Scenariusz znany z niedawnego filmu "Czerwona jaskółka" został ujawniony w środę w rządowym memorandum, które przedstawiło powody, dla których prokuratura uważa, że 29-letnia powinna pozostać w areszcie do czasu procesu.
W czasie środowego przesłuchania przed sądem federalnym Butina nie przyznała się do bycia niezarejestrowanym zagranicznym agentem wpływu. Decyzją sądu pozostanie w areszcie.
Adwokat Butiny powiedział, że jego klientka, która przyjechała do USA w 2016 roku na podstawie wizy studenckiej, pozostanie na terenie Stanów Zjednoczonych. Jednak prokuratorzy argumentowali, że jest zbyt duże ryzyko, przy braku korzeni w Ameryce i silnych powiązaniach z rosyjskim wywiadem, że będzie próbowała uciec.
W dokumentach sądowych prokuratorzy stwierdzili, że jej jedynym związkiem z USA jest "osobisty związek" z niezidentyfikowanym Amerykaninem, którym - jak twierdzi "Washington Post" - Paul Erickson, aktywista NRA, którego nazwisko już w styczniu pojawiło się w doniesieniach o wpływie Rosji na wybory w USA. "New York Times" pisał w styczniu, że Erickson w maju 2016 roku, podczas kampanii wyborczej Donalda Trumpa, pisał do jednego z doradców wyjaśniając, że "utrzymuje nieformalną łączność z Kremlem prezydenta Putina" i proponując swoje pośrednictwo w zorganizowaniu spotkania z przedstawicielem Rosji w trakcie ogólnokrajowej konwencji NRA w Louisville.

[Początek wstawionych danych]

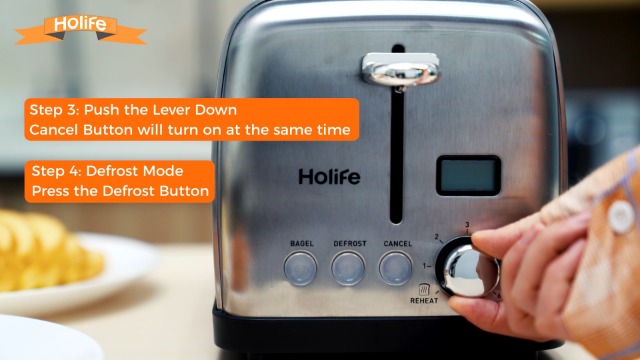 6 HoLife+Slice+Toaster+Stainless+Steel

Jednak prokuratorzy zaznaczają, że relacja Butiny z Ericksonem była "obłudna", sugerując, że w istocie nie była ona zainteresowana samym mężczyzną, a wykorzystywała go do realizacji swoich celów. "Wydaje się, że Butina traktuje to (związek) jako po prostu konieczny aspekt swoich działań" - mówi notatka prokuratorów.